Fig. 89.—The Ceylon Cœcilian, Ichthyophis glutinosa, with eggs.

Fig. 90.—Fossil amphibian, Brachiosaurus, from the Permian.

Our next group in the order of Evolution is that of the reptiles, the main differences between which and the Amphibia are of the nature of more complete adaptions to a life on land. The reptiles have in fact completed the conquest of the land which was undertaken by the previous group, and many of them, living as they do in dry and hot deserts, are as independent of the water as any form of animal life. Thus whereas the amphibian has a thin skin, which is kept moist by the secretions of numerous skin glands, the reptile has a body-covering of scales, which form an effective protection against a too rapid loss of moisture. Evidently with the same object, the reptile egg is enclosed in a hard and resistant shell. Correlated with the change in the skin is a much more perfect development of the lungs, for while the amphibian breathes to a considerable extent through its thin moist skin, this method of assisting respiration is not available to the reptile.

Again connected with the improvement of the respiratory process, there is a partial development of a septum dividing the ventricle or pumping chamber of the heart. The value of this division of course lies in the fact that the purified and oxygenated blood from the lungs is prevented from mixing with the venous blood from the body.
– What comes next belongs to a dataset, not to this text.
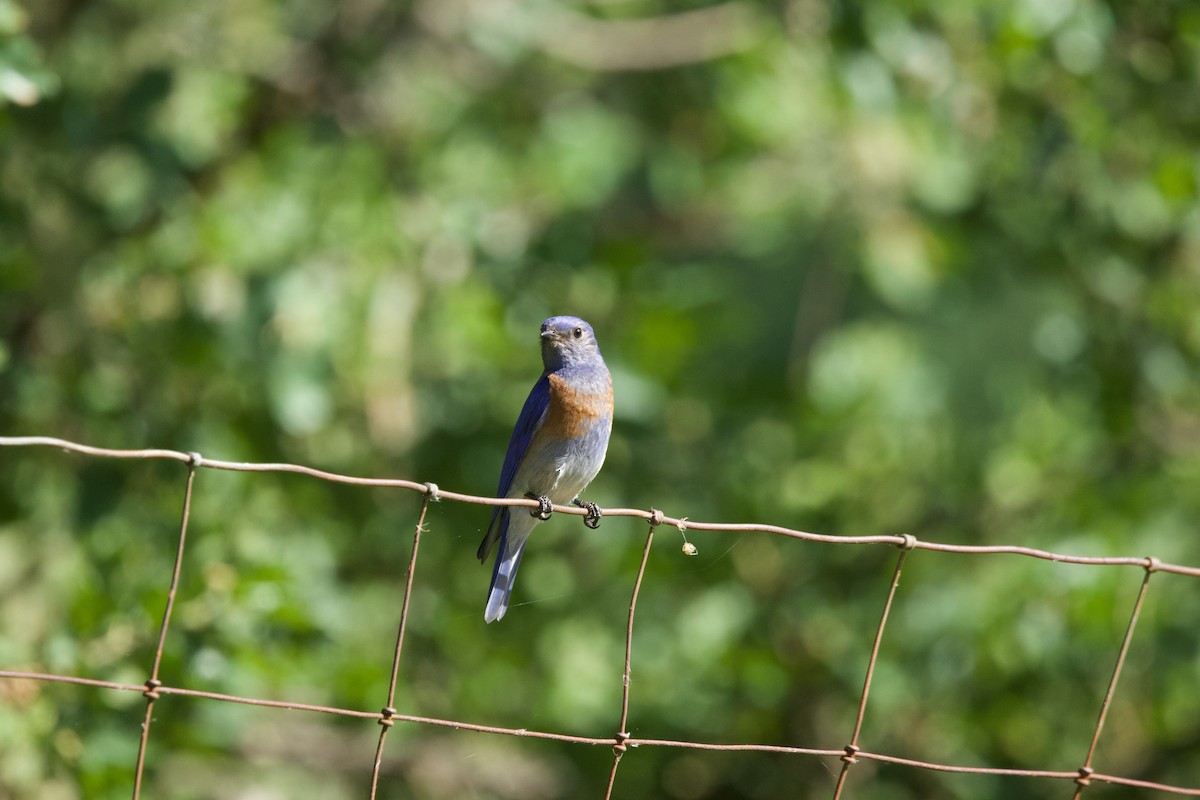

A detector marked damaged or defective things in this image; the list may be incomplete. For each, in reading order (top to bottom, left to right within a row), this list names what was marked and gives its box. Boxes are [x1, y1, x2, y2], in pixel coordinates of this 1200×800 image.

rusty wire [2, 438, 1200, 800]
The course of the blood is from the body to the right auricle, thence to the right ventricle, and thence to the lungs. The pure blood from the lungs returns to the left auricle, passes thence to the ventricle on the same side to be pumped to the general circulation. The disadvantage of a single ventricle, such as occurs in the Amphibia, and the advantage of the regular double circulation, such as that in man, are sufficiently obvious. The division of the ventricle into two chambers is less complete in the lizards and snakes, very nearly perfect in the crocodiles.

The reptiles, like the Amphibia, are 'cold blooded,' by which is meant, not that their blood is necessarily cold, but that its temperature varies with that of the surroundings, while that of the blood of the mammals and birds is practically constant.

A very important feature of the reptiles, which they possess in common with the mammals and the birds, is that the embryo produces two membranous outgrowths called respectively the amnion and the allantois, which completely envelop it, and which have important functions in connection with nutrition, respiration, and excretion during the period when the young creature is enclosed in the egg. It is, of course, not until we reach the higher mammals that these membranes assume their greatest importance.